Taiwan additive maker sentenced to 13 years for toxic plasticisers

By Kacey Culliney

- Last updated on GMT

Related tags Han chinese Taiwan Hong kong

The plasticiser scandal shook Taiwan's industry...
The plasticiser scandal shook Taiwan's industry...
Taiwan’s High Court has sentenced the owner of a food additive company to 13 years in prison and his wife to 11 years for mixing toxic plasticisers into clouding agents which they allegedly then sold onto various local food and beverage manufacturers, the High Court confirmed.

Chen Che-hsiung from Taiwanese additive manufacturer, Pin Han Perfumery, was sentenced to fraud and violation of the Food Sanitation Act along with his wife.

Chen was sentenced for adding toxic, industrial-use plasticisers to clouding agents between August 2005 and May 2011 to cut costs and allegedly selling these additives to seven local food and beverage manufacturers.

Prosecutors indicted the owner and his wife in June 2011, along with their two sons – accused of assisting in the production of the tainted clouding agents and business involvement. It was reported that the two sons were found innocent due to lack of evidence.

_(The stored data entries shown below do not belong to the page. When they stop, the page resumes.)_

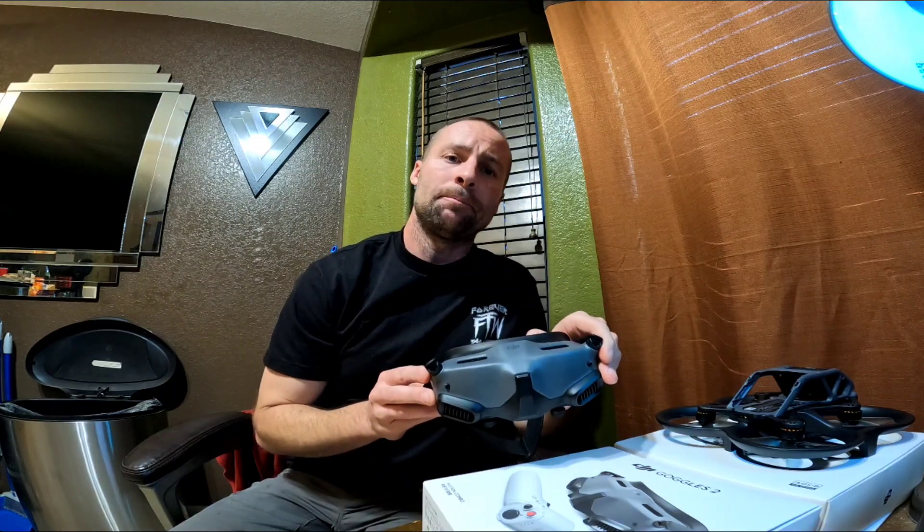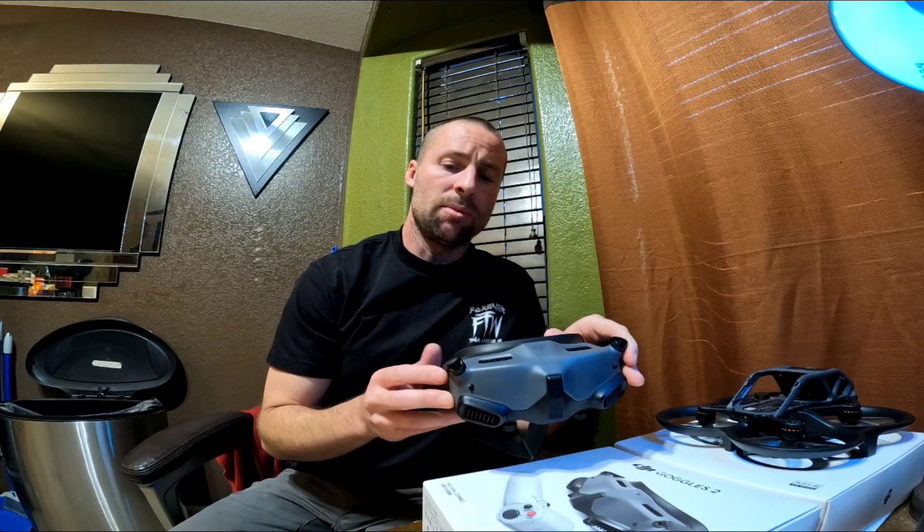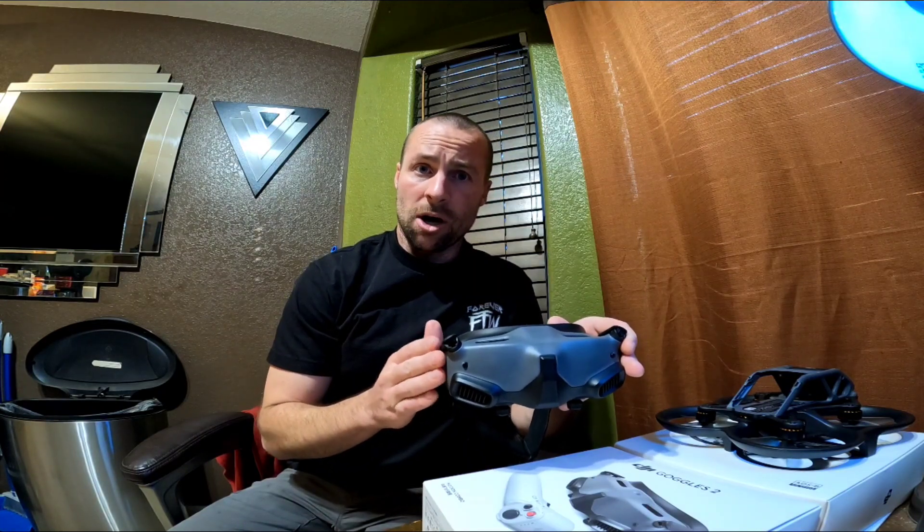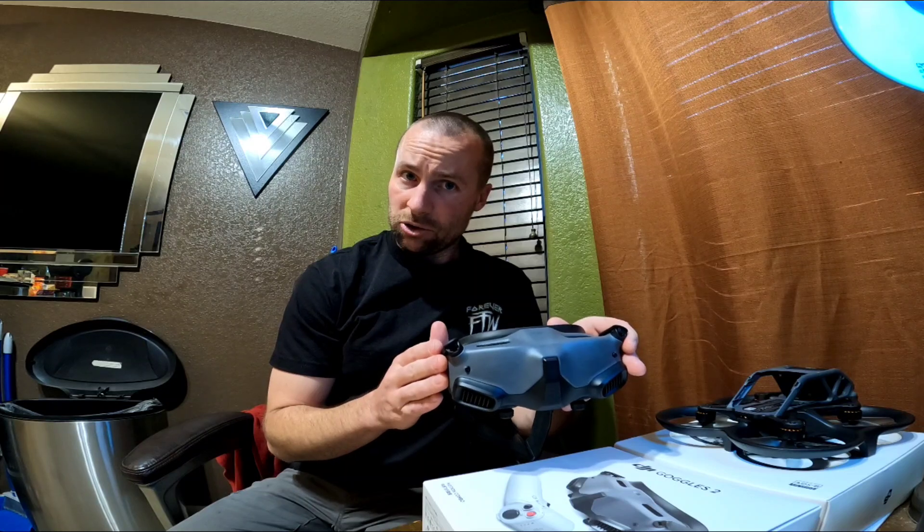One thing to keep in mind when doing that is occasionally you will get prompted, either pre-flight or during flight, with an issue that has to be cleared on the goggles and cannot be done on the mobile device. So just make sure that you're prepared to take the goggles on and off to proceed with your flight.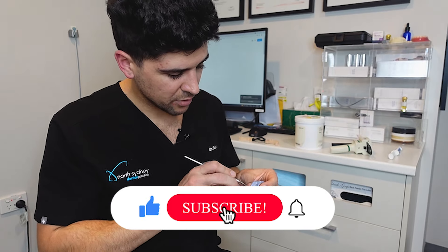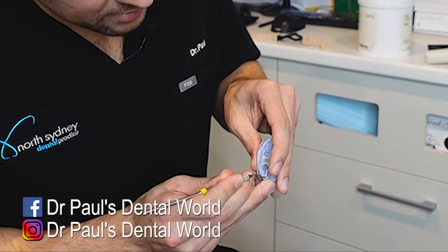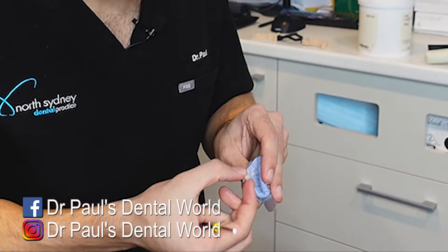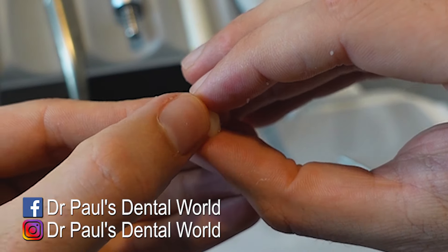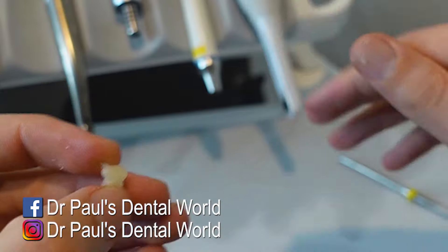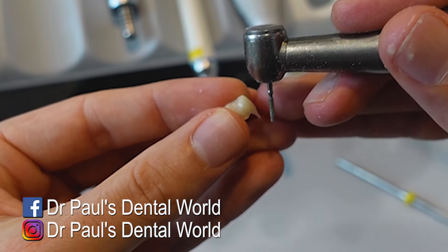Okay, so here's the crown inside here. And we're going to get it out. Normally I use a flat plastic or something, but basically you just go in underneath the crown and then slowly pull it out. So you can see there is some excess, which we're going to take away now with the burr. But this is how it's looking — it's looking pretty good.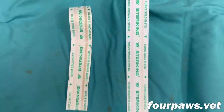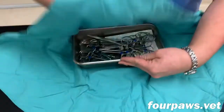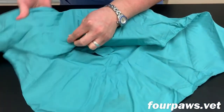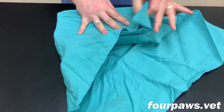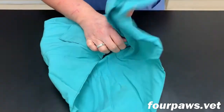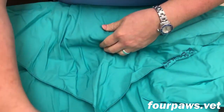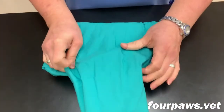Once the tray has been filled with the correct instruments, an indicator strip, and the correct number of gauze sponges, it then needs to be wrapped in these cloth drapes. Most surgical packs are double wrapped, and there's a very specific technique that needs to be used in order to wrap them properly. As the second wrap is completed, there's a small pull tab that's left in order to facilitate the appropriate way to open the pack.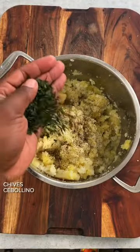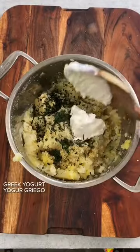Then mash it all up. Season with sea salt, pepper, butter, chives, and Greek yogurt to enhance the creaminess and for a pop of sour flavor.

The initial sentence was passed at a district court in October 2011, the High Court upheld this ruling. The case can still be appealed.

These plasticiser-tainted additives triggered a damaging food contamination scare across Taiwan that saw Asian and global markets close their doors to Taiwanese products like beverages and syrups.

It was in May 2011 that contaminated products were found in Taiwan.

Ripple-effect of the scandal

Clouding agent is most commonly used in yoghurt powder mix, juices, sports drinks and other beverages as well as fruit jelly.

In the wake of the scandal, the Taiwanese government ruled safety certificates would be mandatory for the export of five types of food products – sports drinks, juices, teas, syrups and jams, and tablets and powders – potentially tainted with industrial plasticisers.

Asian countries scrambled to cease Taiwan imports, including China, Hong Kong, South Korea and Singapore, all of which have now lifted their import restrictions. Malaysia was the latest to lift restrictions, doing so in February 2012.

A spokesperson from Taiwan Beverage Industries Association told FoodNavigator-Asia that the bans were particularly damaging to the country’s soft drinks industry, with China alone prohibiting 900 such products.

“We do not have a material estimate of losses suffered by industry but our exports dropped by almost 50% in this sector. The damage to reputation is unquantifiable,”​ he said.